You may not be aware that November is the National Adopt a Senior Pet Month. It's one of my favourite months as it's a time when senior dogs get all the spotlight, and people are reminded of how much joy and love they bring to a household.

When people search for a dog to adopt, older dogs are often overlooked as they're searching for a puppy to grow up with. And to be fair, puppies tend to suck us in with those adorable little eyes and playful ways.

But senior dogs are awesome too!

Many have found themselves in a shelter when their owners can no longer care for them, have passed away, moved, or had a baby. They are left without their human and feel lost, but they still have much love to give.

This is why potential owners often overlook senior dogs, as they may not look as enthusiastic as younger dogs. But, given time, they will be as loving and loyal as any younger dog.

Let's explore why senior dogs make fantastic pets.

What age is a dog considered to be a senior dog?

There's no set age when a dog becomes a senior dog, as it depends on its breed and life expectancy. For example, large breed dogs such as Great Danes and Mastiffs are expected to live to around 8-10 years of age, so their senior years kick in around 5 years of age.

Small dogs like Chihuahuas or Pommies live to around 12-14 years, so their senior years will begin around 8 years of age.

But of course, all dogs are different, and their lifespan will depend on how they're treated, their diet and overall health.

Top 5 reasons why you should consider adopting a senior dog

1. Older dogs should be trained

Most senior dogs should know the basics like sit, stay, come, down etc. And you can teach old dogs new tricks! You must be patient and show them how things are done in your household with commands and rewards (just like you would a puppy).
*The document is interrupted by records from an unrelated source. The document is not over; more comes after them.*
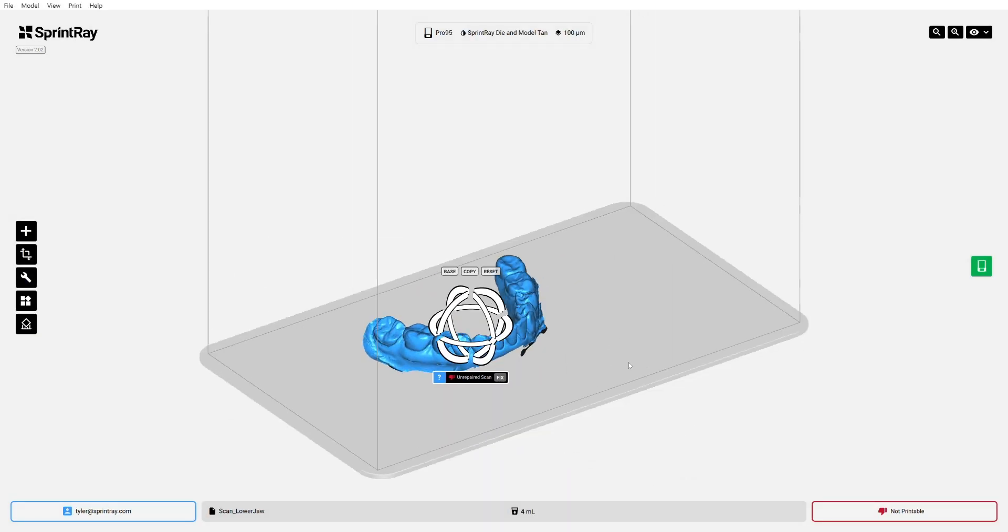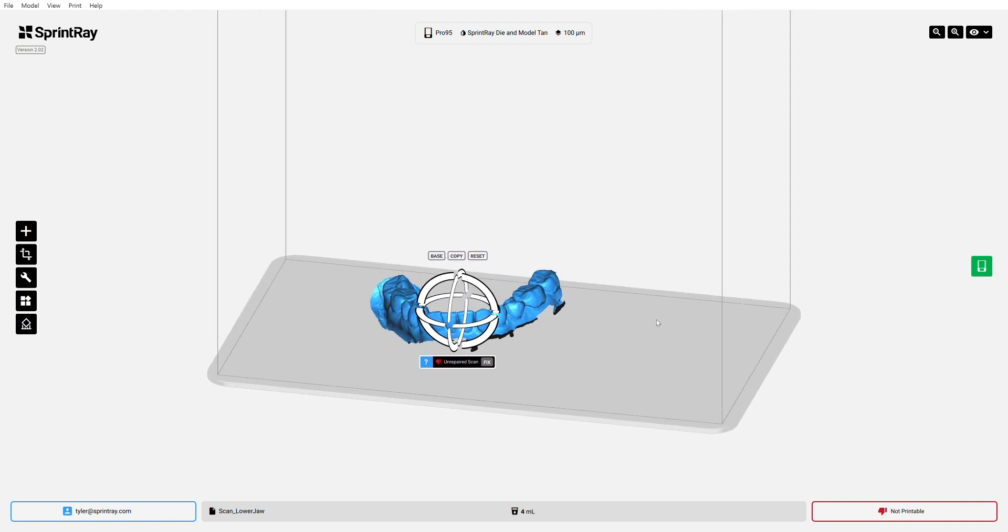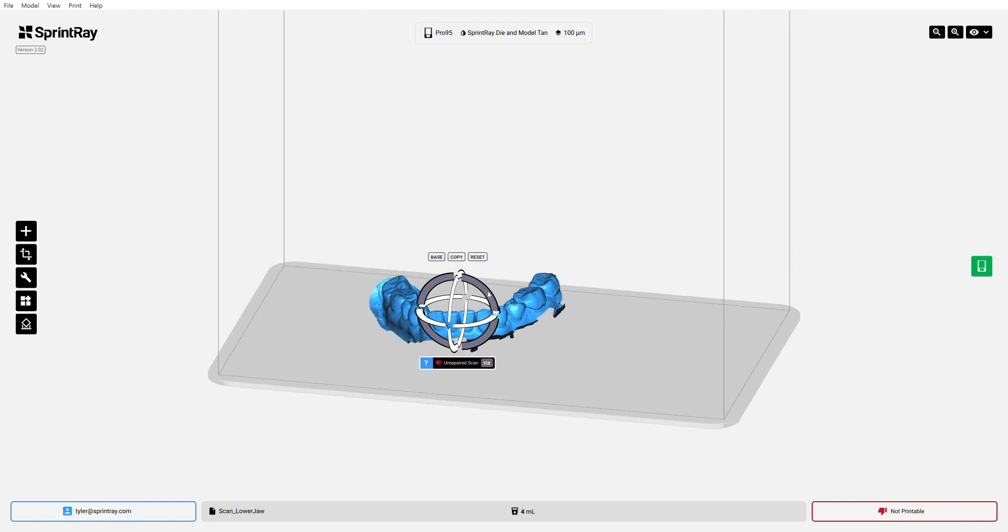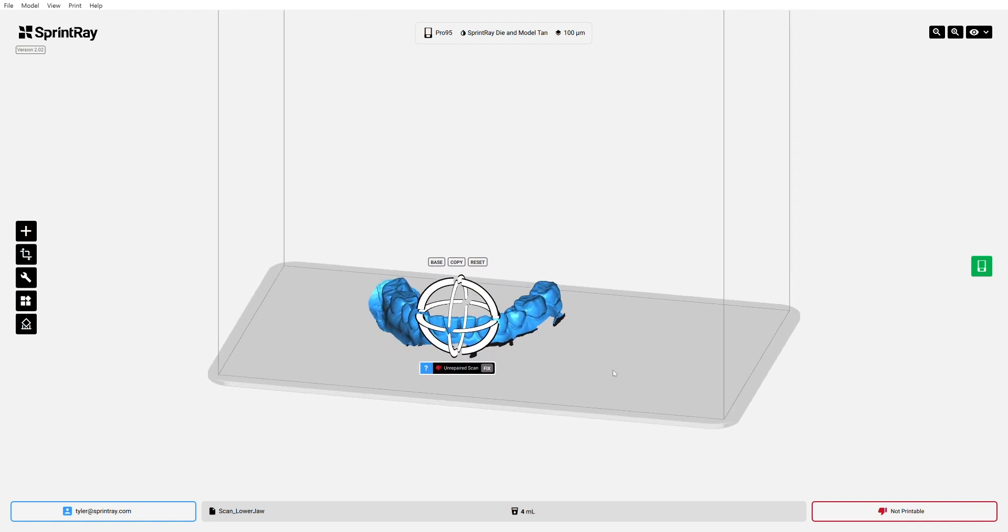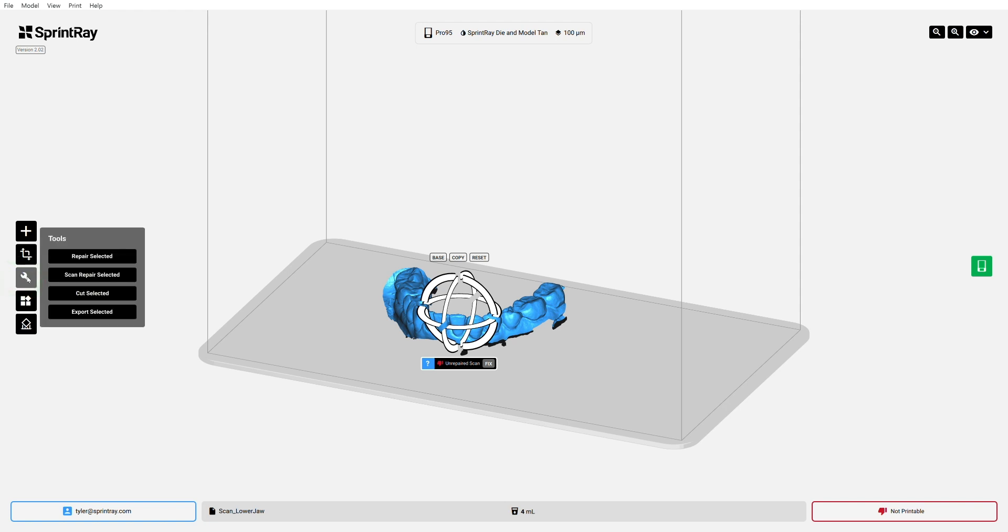So first, we've got to get this thing closed, and we've got to get a base on it so that we can print it. So once I select my model and it turns blue, I'm going to go over here to my tools section. I'm going to open that up. We're going to see four new tools. Today, we're going to be dealing with the bottom three. So to start off with, I need to get this thing based. So I'm going to select scan repair selected.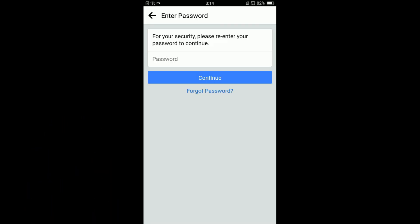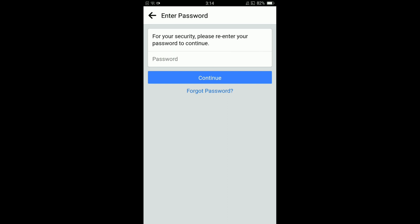Then tap on continue button. So this was the process by which you can deactivate your Facebook account on Android. If you find this video helpful then please like, share and subscribe before leaving. Thanks.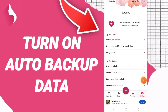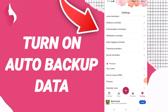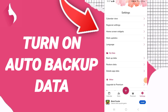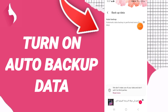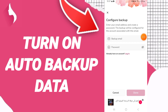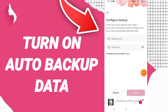On this page, scroll down to find the backup data window and click on it. Here you can add your backup email, then add your password, and click Done. That's how you turn on auto backup data on the My Calendar application.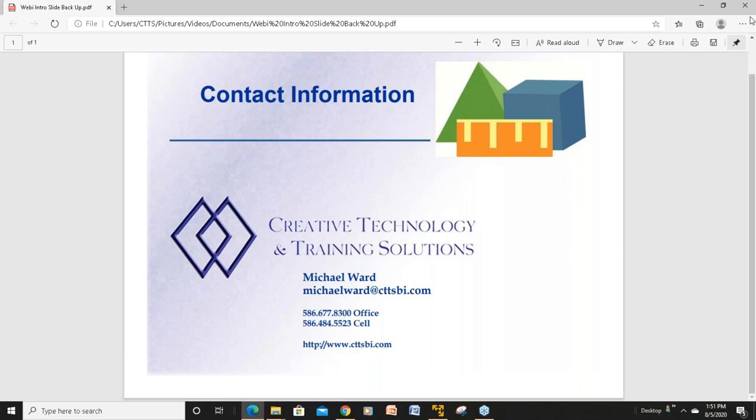All right. Have a good rest of the week, everybody. Bye!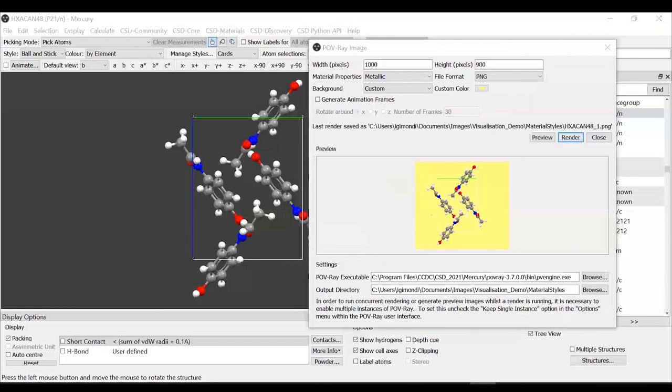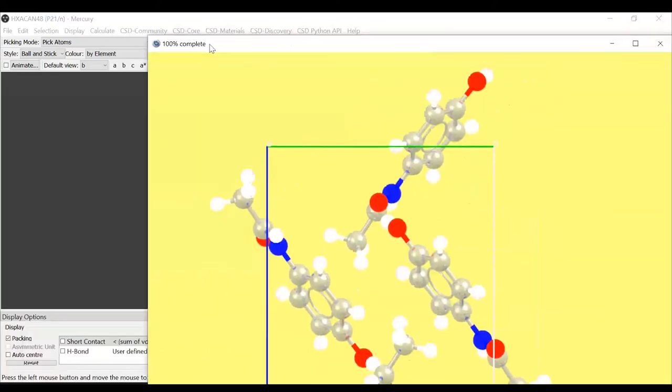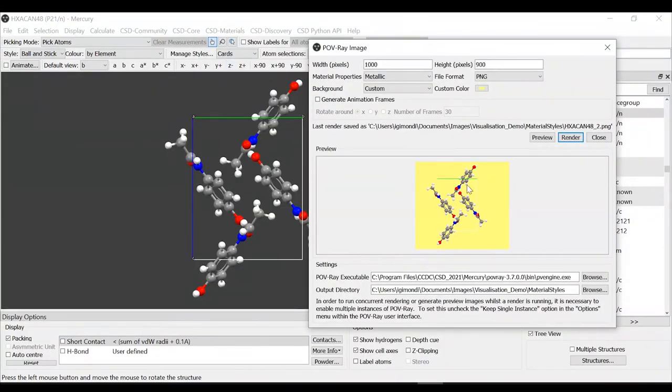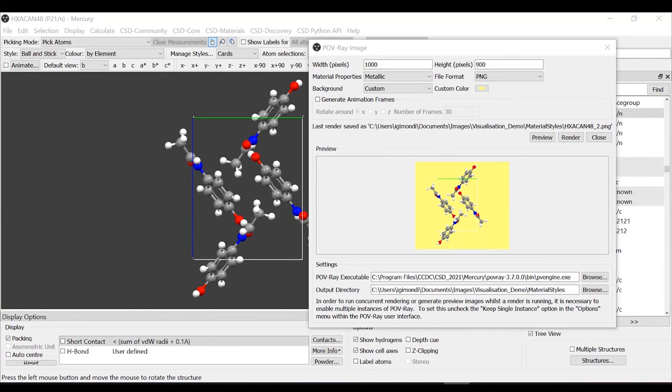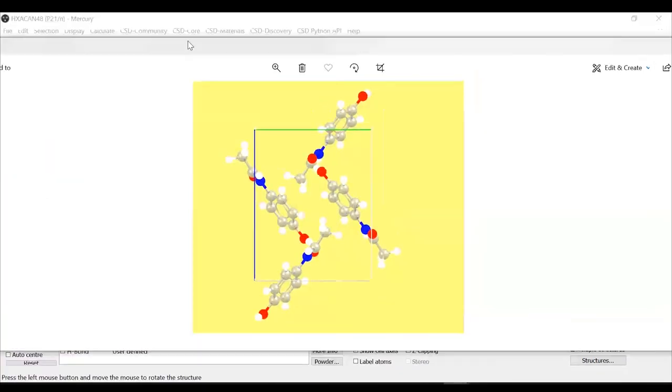Let's render it when we're happy with the representation. We'll do a render and you will see the rendering happening in a separate window. Then you can visualize the structure. I will bring up the image that we've just created together. And so here it is.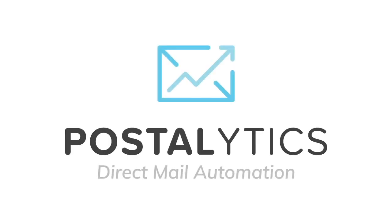To learn more about Postalytics direct mail automation, please contact us today at Postalytics.com.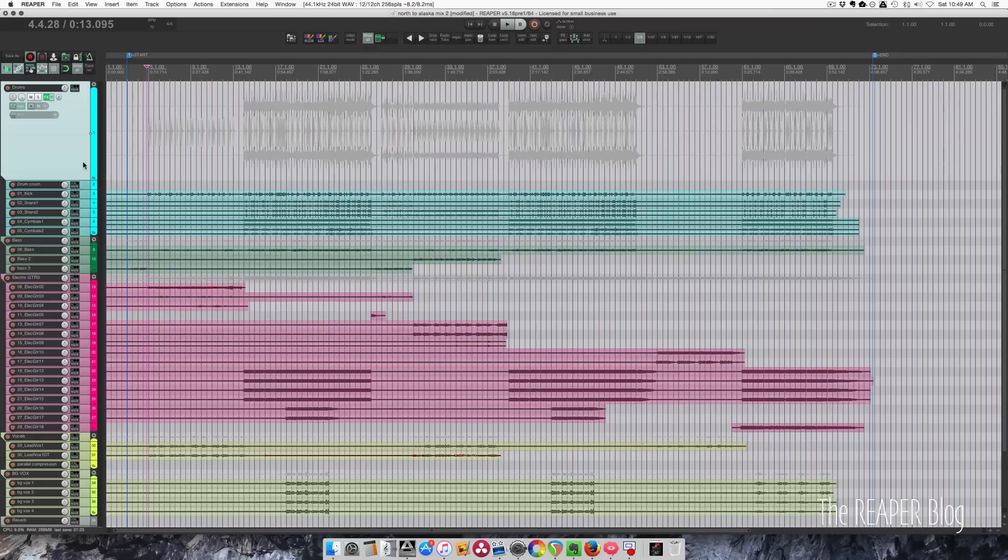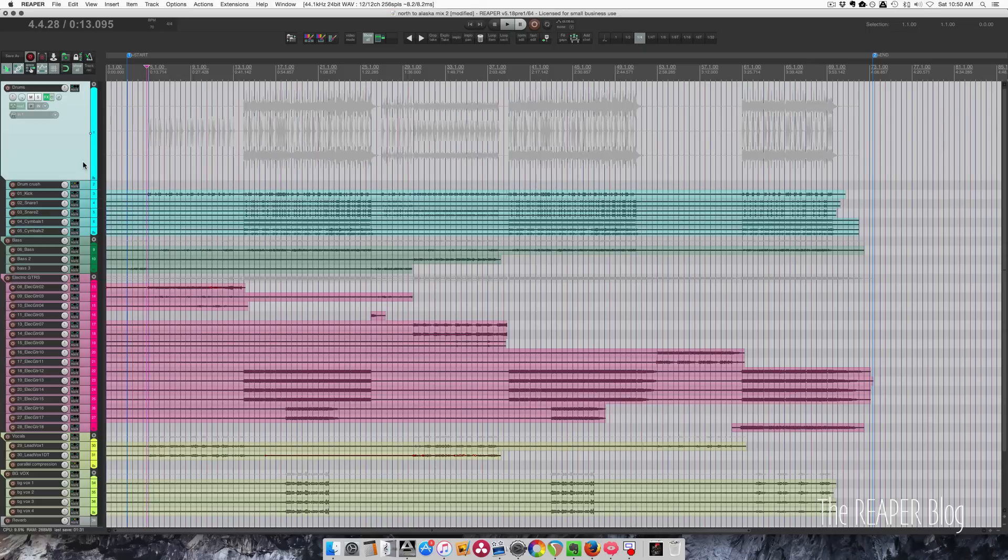I've already started mixing this song. I've got about an hour and a half into it. I realized that I haven't set up my project markers. So as you're looking at this, it's hard to tell which is the verse, which is a chorus. There's no quick way to instantly jump to it.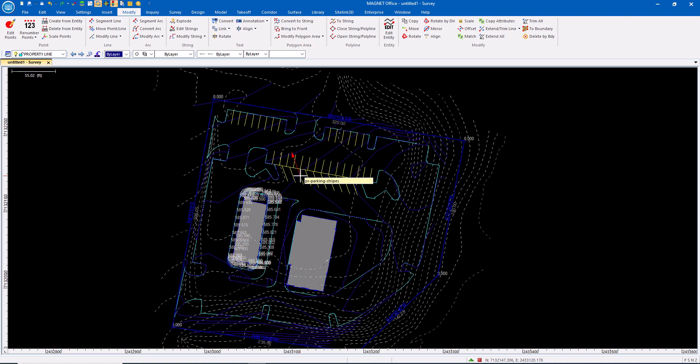For more details on CAD basics, entity types, and object types inside of Magnet Office and working with these, please look at the amazing content available on MyTopcon Now for Magnet users today.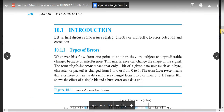Now let's look at error detection and correction, starting with the types of errors. Whenever bits flow from one point to another, they are subject to unpredictable changes because of interference. This interference can change the shape of the signal. The physical layer converts data to bits and then to a signal, which is forwarded through the transmission medium to the receiver.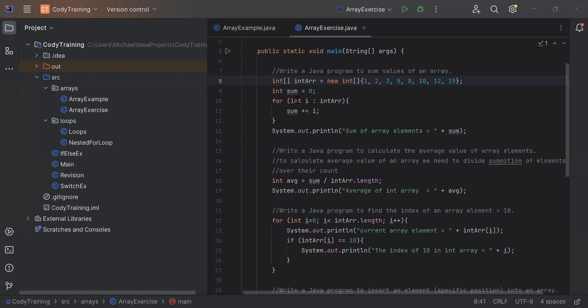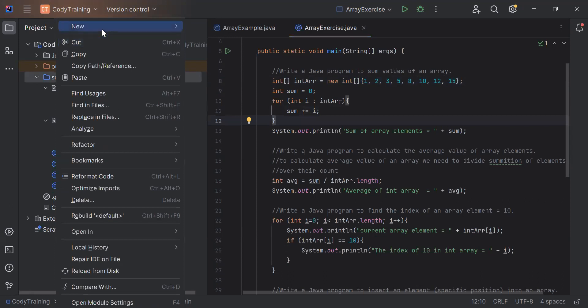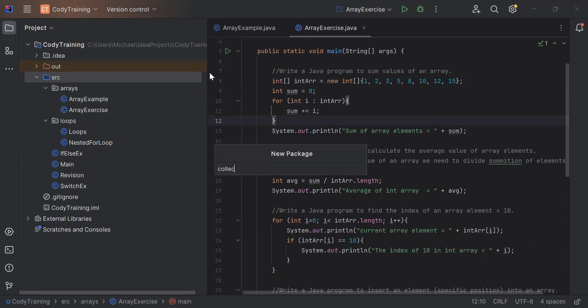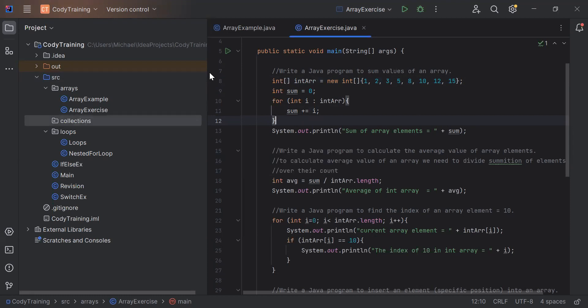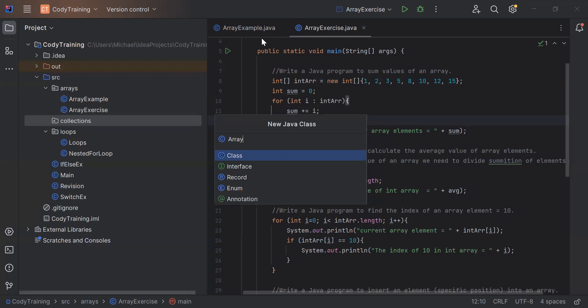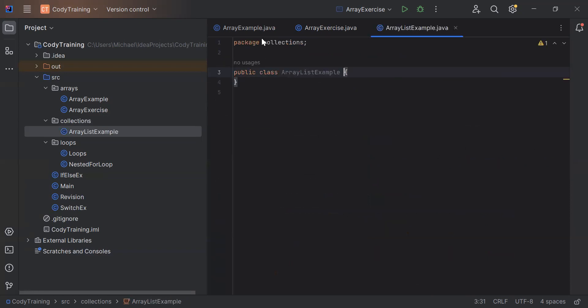Let me share my screen. Do you see my screen? I will create a new package called 'collections'. Inside this collections package I will create a new Java class and I will call it 'List'. Inside this class I will put my main method.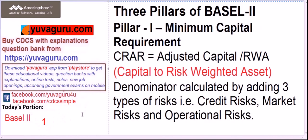Let's study minimum capital requirement. What does this mean? It means what is the capital required by the bank to cover all the risks in banking. Mainly three risks are covered: credit, market, and operational.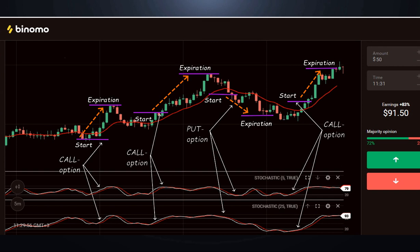Put option: Reverse conditions. Break down from top to bottom moving average. Stochastic is out of the overbought zone and moving down.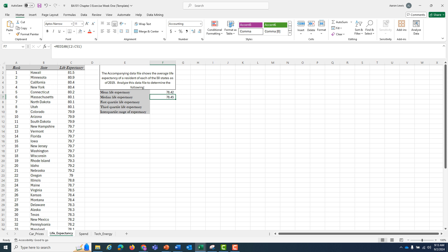What about our measures of variation or measures of dispersion? Is there a big difference from state to state? Let's use the interquartile range to determine that. And to use the interquartile range, we're going to have to first find the first quartile and the third quartile.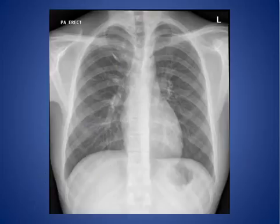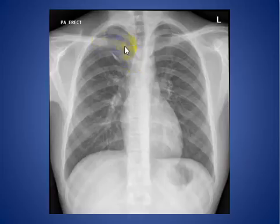In summary, this is a relatively common normal variant. You can see the azygous vein and the azygous fissure on the chest x-ray.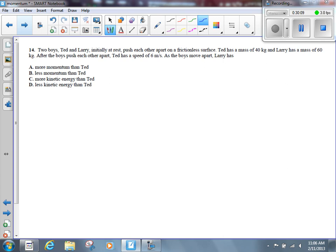Let's make sure the following work is done for tomorrow: practice problems on page 478 and 479 if you didn't finish them, and multiple choice questions 10, 13, and 14 if you didn't finish them.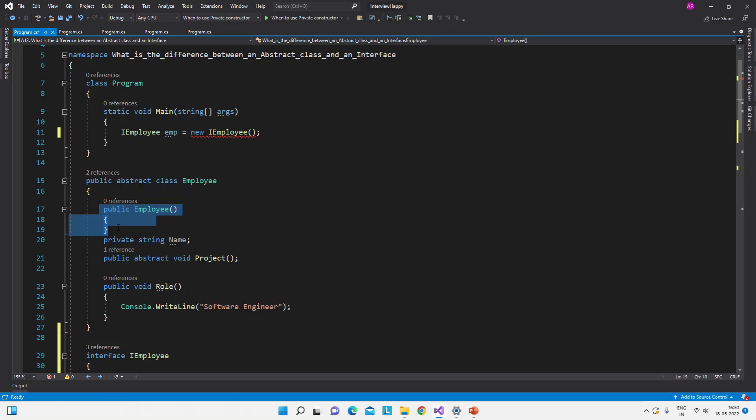So suppose this abstract class will be derived in some child class. Now when the object of that child class will be created, then this abstract class constructor will be called. So both the constructors will be called - the abstract class which is the base class constructor and the derived class constructor - both will be called when the child class object is created.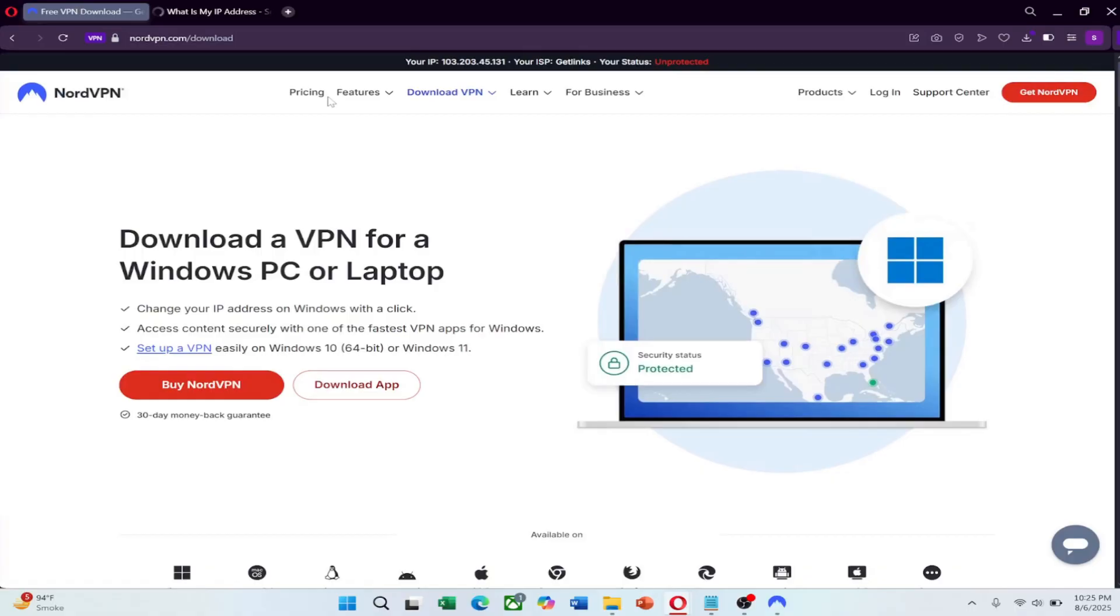Plus, you'll be able to stay in touch using apps like WhatsApp, Telegram, and Messenger, which are otherwise blocked.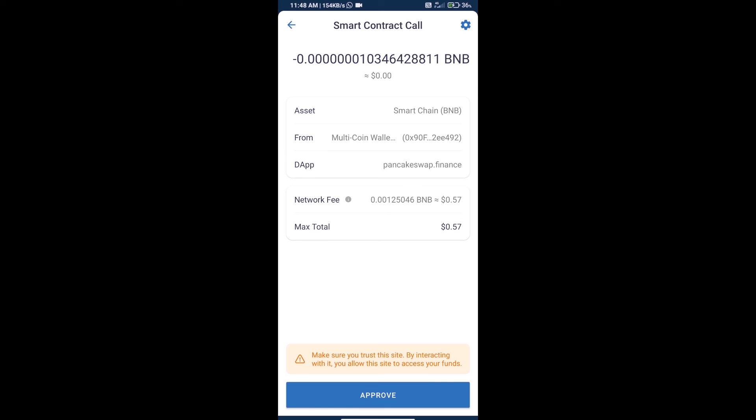Review the transaction history and network fee charges. Finally, we will click on Approve and we will get this token successfully. Thanks for watching.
2. They love to sleep and don't have as much energy

If you love a quieter lifestyle and love sleeping all night, a senior dog will happily sleep all night (although it may snore!). Older dogs are also happy with shorter walks, so they're perfect for people who don't have as much time or reduced mobility and want a less active companion.

3. Older dogs have a lot of love to give

You'll find that senior dogs are super lovable and have a lot of love to give. They don't have much going on and will live out their days happily lounging by your side, accepting cuddles and sticking to your side like glue. You'll find that adopted senior dogs are incredibly grateful to be taken into a loving home and will shower you will affection.

4. They are not destructive and know what belongs to them

Unlike puppies or destructive adolescent dogs, senior dogs will not destroy your belongings. You can safely leave your shoes or toys lying around without worrying that your dog will chew them up. An older dog is generally not destructive and will know what toys belong to them and what is right or wrong behaviour.

5. You may be saving their old life

It's a sad fact, but senior dogs have higher euthanasia rates at shelters than younger dogs, and many surrendered older dogs live out the rest of their days in a shelter. When you take home an older dog, you will get one of the best snuggle buddies you could ever imagine, and you've possibly saved their life.

Older dogs may require a little bit more TLC than younger dogs

Some people have turned off the idea of an older dog as all they think of are 'health issues'. But honestly, dogs of all ages can get health issues. As a professional pet minder, I've seen dogs of all ages and all breeds in all kinds of conditions, and it's not always due to their age.

When you're adopting a senior dog, yes, this is something to consider, but don't let potential (and treatable issues) turn you off a lovable older dog.

It's recommended that a senior dog has regular vet check-ups so you can stay on top of any health issues that may arise. In older dogs, gum and tooth disease, although with bone and joint issues, are common.

You may need to feed your senior dog a specialised diet, and they may need regular medication to help with 'old age' type ailments.

But if you're willing to put in that extra little bit of care, the love and affection you'll receive from your grateful pooch are beyond anything you can imagine.

And although you may not have many years with a senior dog you adopt, you will still be amazed at how strong a bond you would have formed with your old buddy.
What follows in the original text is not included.